> **Task item**
Make an exact copy of the lines below.

[Records to use Boundary: Start]

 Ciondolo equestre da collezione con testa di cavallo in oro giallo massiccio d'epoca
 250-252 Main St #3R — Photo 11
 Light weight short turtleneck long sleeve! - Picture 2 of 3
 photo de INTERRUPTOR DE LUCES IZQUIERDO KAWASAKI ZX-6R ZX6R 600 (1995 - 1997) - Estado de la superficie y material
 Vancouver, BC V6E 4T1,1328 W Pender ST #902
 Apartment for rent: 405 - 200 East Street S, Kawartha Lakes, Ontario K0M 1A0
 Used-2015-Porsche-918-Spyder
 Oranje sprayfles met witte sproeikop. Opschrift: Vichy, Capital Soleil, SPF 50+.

[Records to use Boundary: End]

> **Result of the task**
 Ciondolo equestre da collezione con testa di cavallo in oro giallo massiccio d'epoca
 250-252 Main St #3R — Photo 11
 Light weight short turtleneck long sleeve! - Picture 2 of 3
 photo de INTERRUPTOR DE LUCES IZQUIERDO KAWASAKI ZX-6R ZX6R 600 (1995 - 1997) - Estado de la superficie y material
 Vancouver, BC V6E 4T1,1328 W Pender ST #902
 Apartment for rent: 405 - 200 East Street S, Kawartha Lakes, Ontario K0M 1A0
 Used-2015-Porsche-918-Spyder
 Oranje sprayfles met witte sproeikop. Opschrift: Vichy, Capital Soleil, SPF 50+.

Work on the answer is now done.